WHAT TO WORK ON:
Please reproduce the lines from the one containing "Blockstream 제이드 플러스" through the end of the data below exactly as they stand, and omit all pictures.

DATA:
____________________
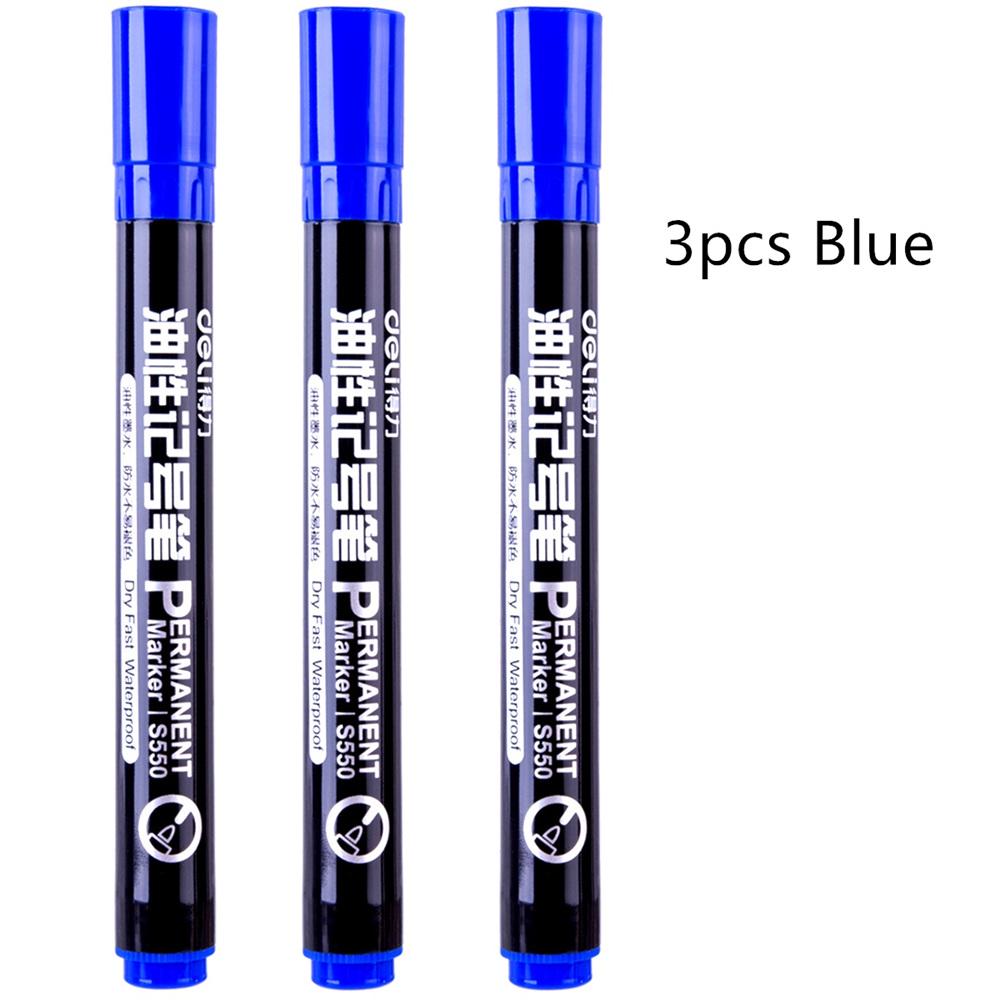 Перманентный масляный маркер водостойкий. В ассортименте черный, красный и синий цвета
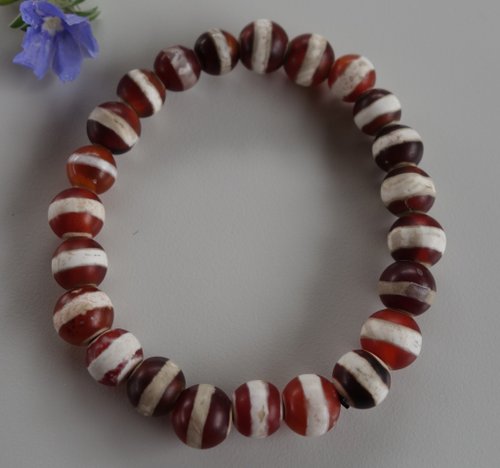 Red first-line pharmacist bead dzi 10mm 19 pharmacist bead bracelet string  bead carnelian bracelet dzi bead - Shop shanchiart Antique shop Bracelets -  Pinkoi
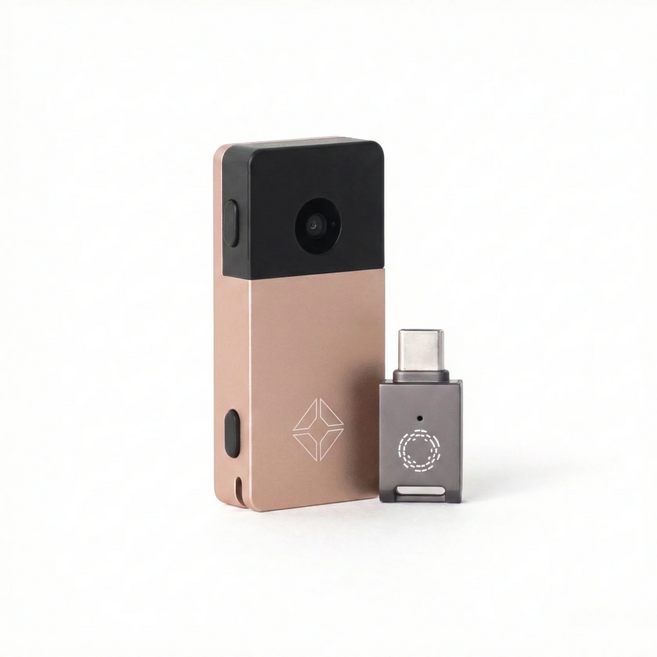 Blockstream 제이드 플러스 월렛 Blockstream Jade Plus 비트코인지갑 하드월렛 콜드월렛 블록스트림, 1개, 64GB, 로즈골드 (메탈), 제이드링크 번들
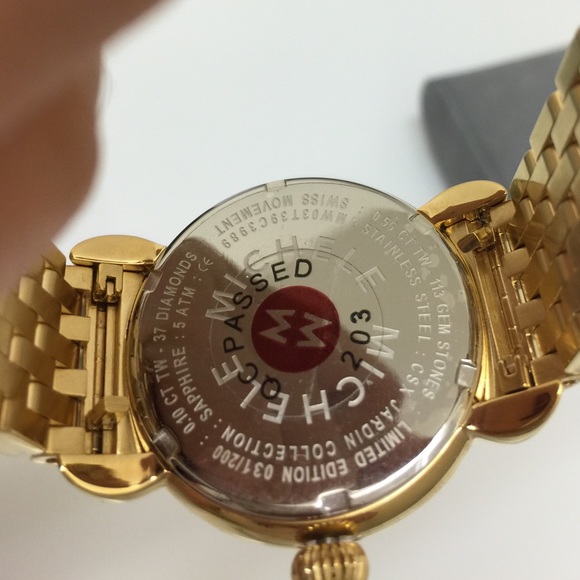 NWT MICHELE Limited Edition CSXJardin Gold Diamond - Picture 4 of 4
____________________
WRITTEN RESPONSE:
 Blockstream 제이드 플러스 월렛 Blockstream Jade Plus 비트코인지갑 하드월렛 콜드월렛 블록스트림, 1개, 64GB, 로즈골드 (메탈), 제이드링크 번들
 NWT MICHELE Limited Edition CSXJardin Gold Diamond - Picture 4 of 4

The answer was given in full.